In deutscher Sprache mit deutschen Übertiteln
Dauer: ca 1 ½  Stunden – keine Pause

Premiere am 2. Oktober 2011 in der Komischen Oper Berlin


Aus einem Totenhaus

Oper in drei Akten
von Leos Janácek
Text vom Komponisten nach dem Roman „Aufzeichnungen aus einem Totenhaus“
von F.J. Dostojewski


In tschechischer Sprache mit deutschen Übertiteln
Dauer: ca 1 ¾  Stunden – keine Pause

Premiere am 3. Oktober 2011 in der Staatsoper im Schillertheater Berlin

Koproduktion der Wiener Festwochen mit dem Holland Festival Amsterdam, dem Festival d’Aix-en-Provence, The Metropolitan Opera New York und dem Teatro alla Scala di Milano





Komische Oper
(Homepage)




Staatsoper Berlin
(Homepage)
Wahrheiten in Traum und Wirklichkeit

Von Christoph Wurzel / Fotos von Monika Rittershaus

1956 hatte die Komische Oper in Berlin mit Janaceks Das Schlaue Füchslein Operngeschichte geschrieben. Die Inszenierung von Walter Felsenstein begriff Janaceks Oper in ihrem Wesen zwar noch als eine putzige Tiergeschichte, wurde aber immerhin zu einer Art Urmuster des modernen Musiktheaters.
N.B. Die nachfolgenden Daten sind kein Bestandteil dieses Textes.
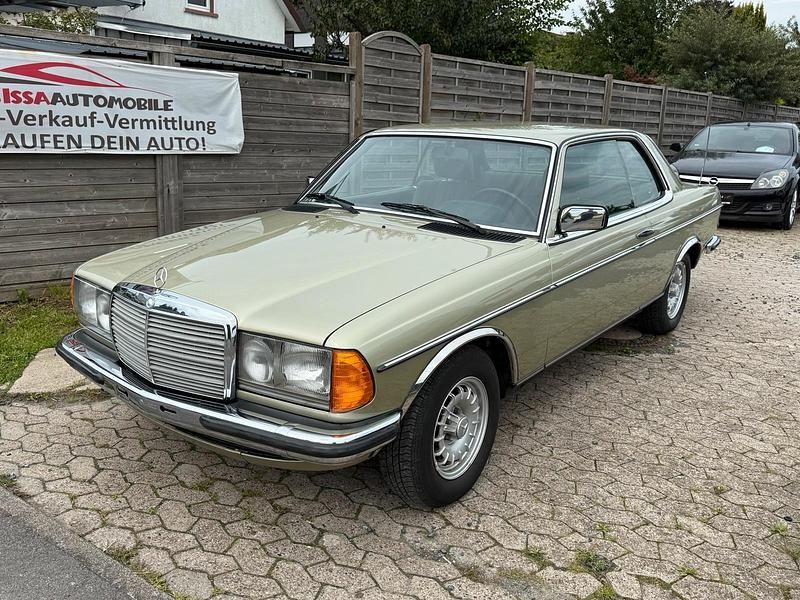 Andere farben Gebraucht 1983 Mercedes 230 Coupé | 21.990 € - Bild 1/4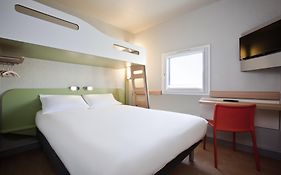 ibis budget Pontault Combault RN4 Marne La Vallée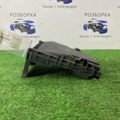 Крышка блока предохранителей Skoda Octavia II (2004-2013) 1K0937132F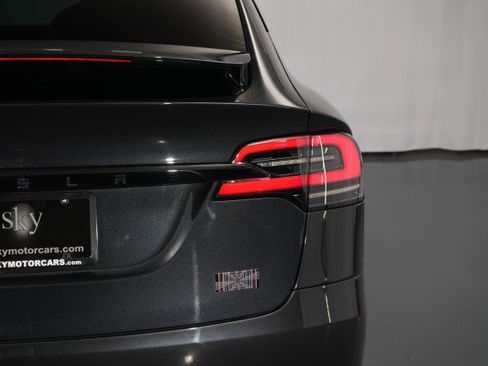 Used 2023 Tesla Model X Plaid image 15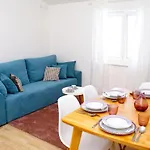 Villa Golden Apple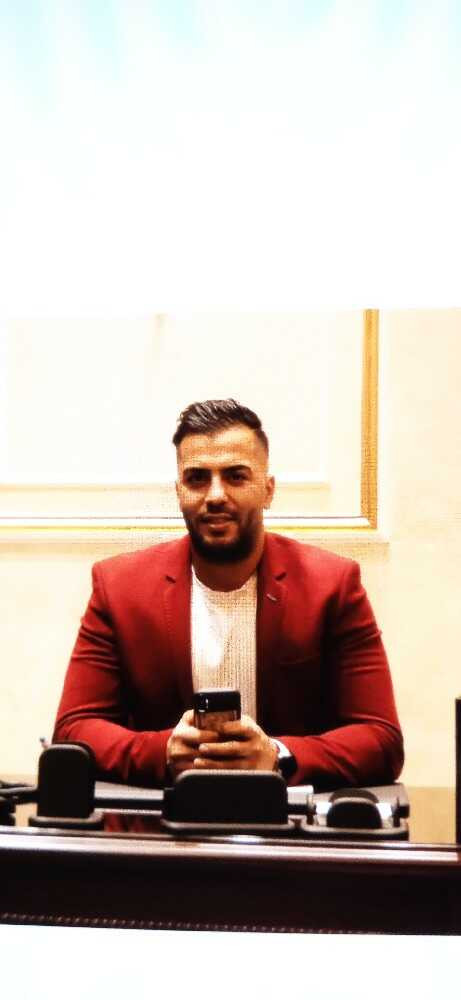 محسن براتی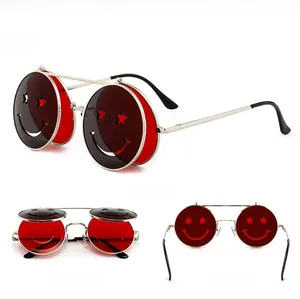 Détail de lunettes steampunk relevables avec découpe sourire et verres rouges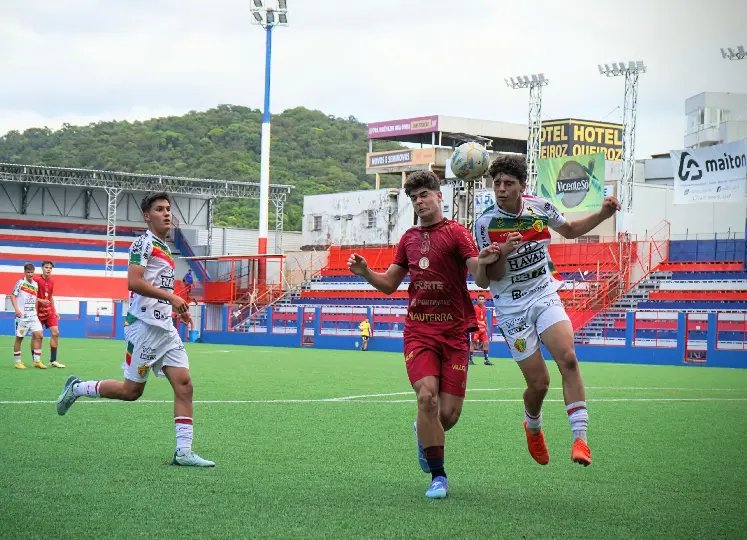 Brusque vence Marcílio Dias e avança às semifinais da Copa SC 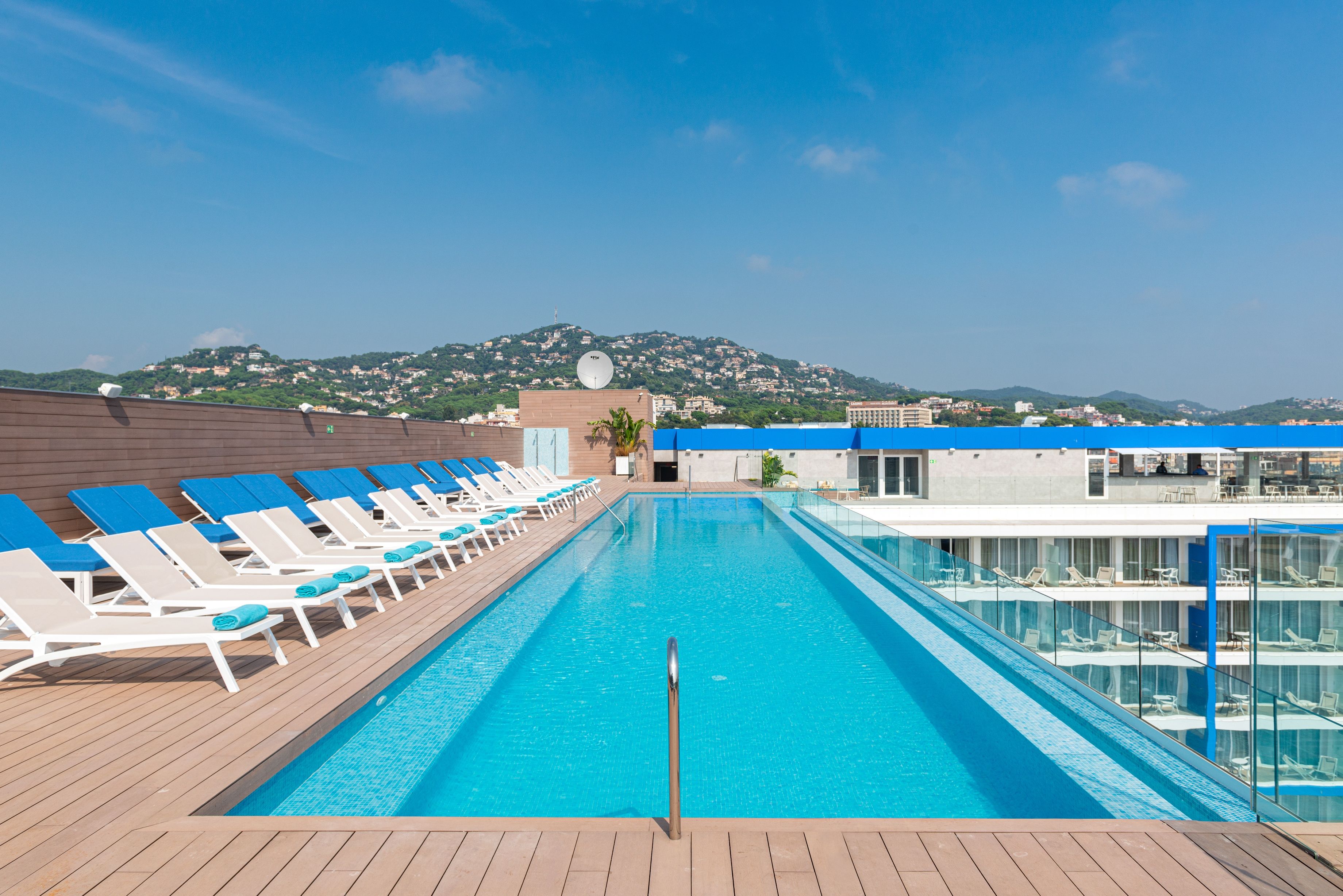 Piscina deschisă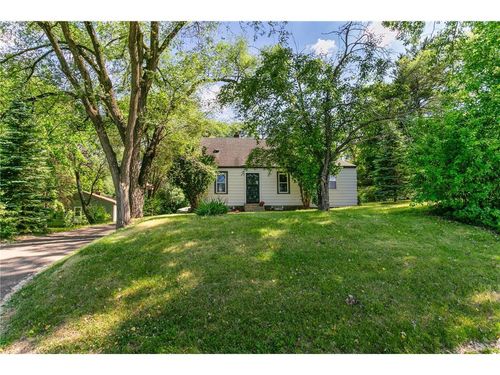 1612 County Road C, Maplewood, MN, 55109 | Card Image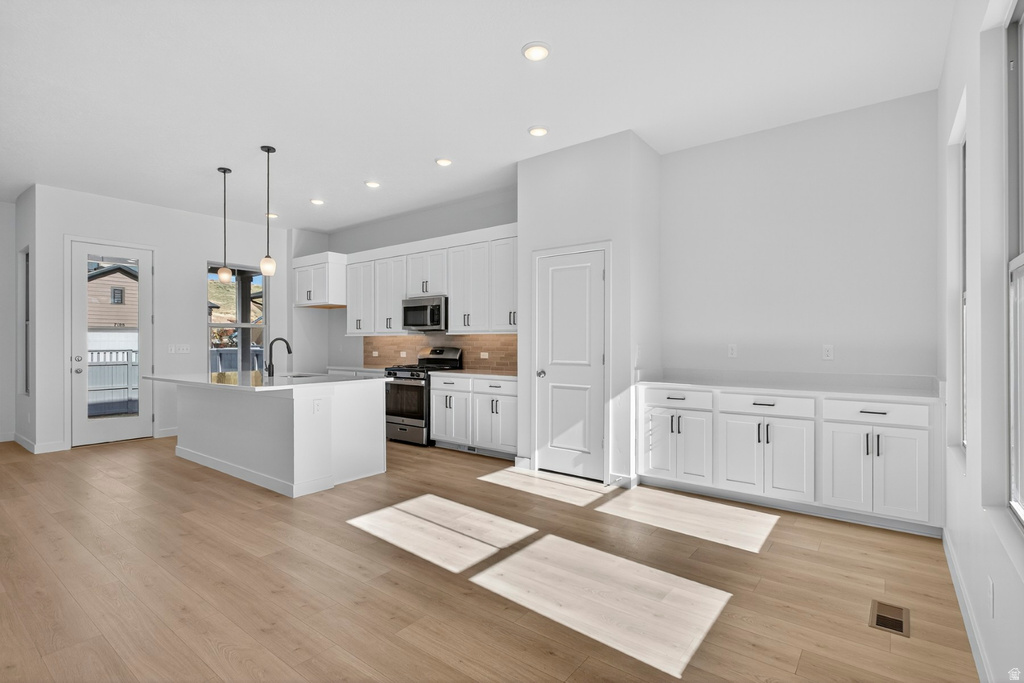 7238 W TERRAINE RD West Jordan, UT 84081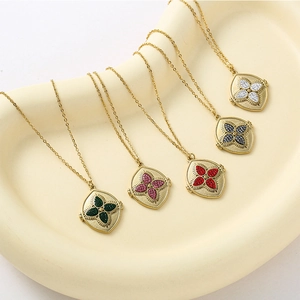 Ensemble de colliers trèfle à quatre feuilles dorés avec pendentifs zircon colorés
Über acht Spielzeiten hinweg brachte es die legendäre Produktion auf stolze 218 Aufführungen und galt damals als der eigentliche Durchbruch für diese Oper auf deutschen Bühnen. Nun gibt es wieder eine höchst gelungene Neuinszenierung dieses Werks an demselben Haus. Der zum Ende dieser Spielzeit scheidende Intendant Andreas Homoki hat einen schlüssigen, vielschichtigen Ansatz für das schwierige Werk gefunden, der ebenso wie seinerzeit Felsensteins Inszenierung der Rezeption dieser Oper sicherlich neue Impulse geben wird.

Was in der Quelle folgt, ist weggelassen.